BELITO GARCIA, PETITIONER
v.
ATTORNEY GENERAL OF THE UNITED STATES, RESPONDENT



On Petition for Review from an Order of the Board of Immigration Appeals (Board No. A25 303 663) Immigration Judge Donald Vincent Ferlise Argued June 15, 2006.

The opinion of the court was delivered by: Fisher, Circuit Judge

PRECEDENTIAL

Before: FISHER, CHAGARES and REAVLEY,*fn1 Circuit Judges.

OPINION OF THE COURT

Belito Garcia petitions for review from the Board of Immigrations Appeals' final order of removal. Garcia's petition requires us to determine whether his conviction under section 13(a)(30) of the Pennsylvania Controlled Substance, Drug, Device and Cosmetic Act ("the Act"), 35 Pa. Stat. Ann. § 780-113(a)(30), constitutes an "aggravated felony" under relevant provisions of the Immigration and Nationality Act ("INA").

We have previously held that violations of similar Delaware and New Jersey statutes do not qualify as aggravated felonies. See Gerbier v. Holmes, 280 F.3d 297 (3d Cir. 2002); Wilson v. Ashcroft, 350 F.3d 377 (3d Cir. 2003). For the reasons that follow, we conclude that the Pennsylvania Act is distinguishable from both the Delaware and New Jersey statutes, and that Garcia's conviction qualifies as an aggravated felony. We will therefore deny his petition for review.

I.

Garcia, a resident alien, was arrested in Philadelphia in April 1996. According to the criminal complaint, which is part of the administrative record, Garcia sold an amount of marijuana to an undercover police officer, and later, on the same date, possessed an amount of marijuana with the intent to deliver. On September 26, 1996, Garcia pled nolo contendere*fn2 before the Philadelphia Municipal Court to two counts of manufacturing, delivering, or possessing with the intent to deliver a controlled substance, in violation of section 13(a)(30) of the Act, 35 Pa. Stat. Ann. § 780-113(a)(30), and two counts of knowingly possessing a controlled substance, in violation of section 13(a)(16) of the Act, 35 Pa. Stat. Ann. § 780-113(a)(16).

On December 11, 1996, the Immigration and Naturalization Service ("INS")*fn3 issued an order to show cause, advising Garcia that he was removable from the United States pursuant to 8 U.S.C. § 1227(a)(2)(A)(iii), based on his conviction of an "aggravated felony."*fn4 An Immigration Judge ("IJ") subsequently found that Garcia's conviction qualified as an aggravated felony, and that, as a result, he was deemed to have committed a "particularly serious crime." Based on that finding, the IJ denied Garcia's application for asylum and withholding of removal, and ordered him removed from the United States.
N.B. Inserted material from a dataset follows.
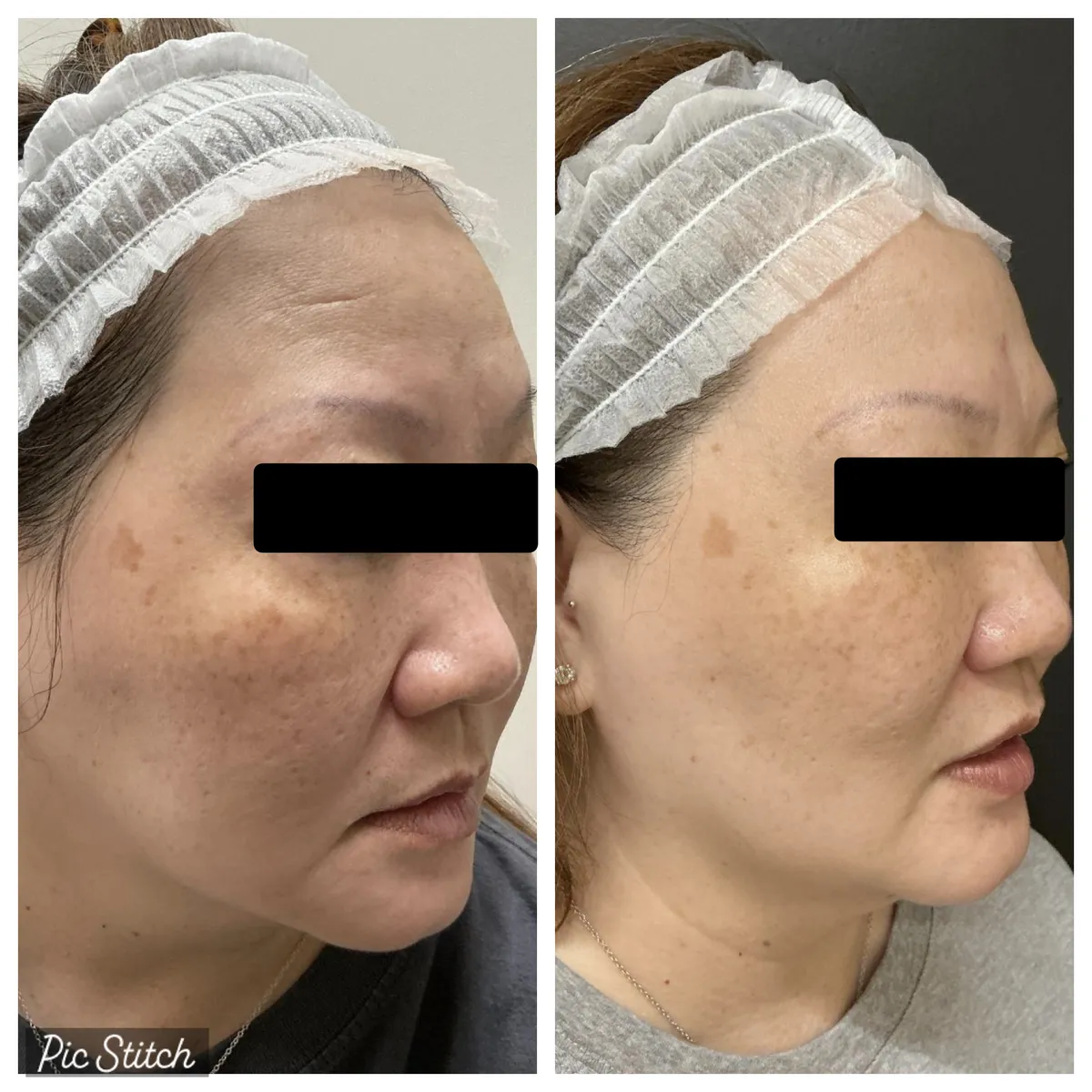 Before and after Sciton BBL HEROic results at Everis Aesthetic Medicine, patient photo 5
Garcia appealed the IJ's order to the Board of Immigration Appeals ("BIA").

In a decision dated October 28, 1999, the BIA held that Garcia's aggravated felony conviction created a rebuttable presumption that he had committed a "particularly serious crime," so as to render him ineligible for asylum and withholding of removal under relevant provisions of the INA. The BIA remanded the case for further proceedings as to whether Garcia could "overcome the presumption that he had been convicted of a particularly serious crime," because the IJ incorrectly believed that he did not have the discretion to hold that the aggravated felony was not a particularly serious crime.
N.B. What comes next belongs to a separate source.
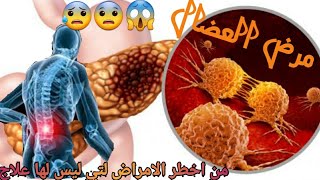 مرض العضال | تعرفوا عليه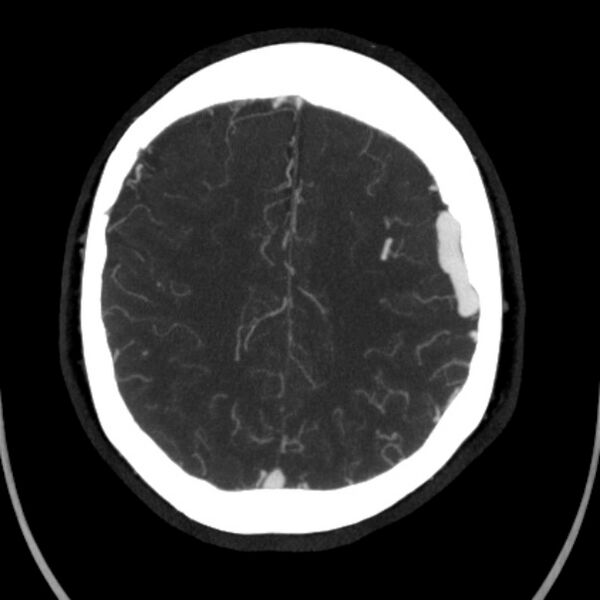 File:Cerebral arteriovenous malformation (Radiopaedia 43729-47189 B 36).jpg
In an oral decision dated July 25, 2001, the IJ again held that Garcia was removable based on his conviction of an aggravated felony.*fn5 The IJ also determined that Garcia had failed to overcome the rebuttable presumption that his conviction was for a particularly serious crime. Thus, the IJ held that Garcia was ineligible for asylum and withholding of removal.*fn6

The BIA affirmed on March 12, 2003. In response to Garcia's argument that his conviction was not for an aggravated felony, the BIA first noted that it had found Garcia's conviction to be an aggravated felony in its decision dated October 28, 1999. The BIA added that the conviction records established the specific provision of Pennsylvania law under which Garcia was convicted, and supported a finding that he was convicted of an aggravated felony.*fn7 The BIA also affirmed on other matters not relevant to the current petition for review.
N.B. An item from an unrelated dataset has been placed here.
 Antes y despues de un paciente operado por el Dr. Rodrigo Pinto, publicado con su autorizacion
On August 11, 2004, Garcia filed a petition for a writ of habeas corpus in the United States District Court for the Eastern District of Pennsylvania, seeking a determination that his Pennsylvania drug conviction was not an aggravated felony, and requesting that his case be remanded for further consideration of his withholding of removal, cancellation of removal, asylum, and CAT claims. The District Court then transferred the habeas petition to this Court pursuant to section 106(c) of the REAL ID Act. See Bonhometre v. Gonzales, 414 F.3d 442, 446 (3d Cir. 2005) (noting that, pursuant to section 106(c), "all habeas petitions brought by aliens that were pending in the district courts on the date the REAL ID Act became effective (May 11, 2005) are to be converted to petitions for review and transferred to the appropriate court of appeals").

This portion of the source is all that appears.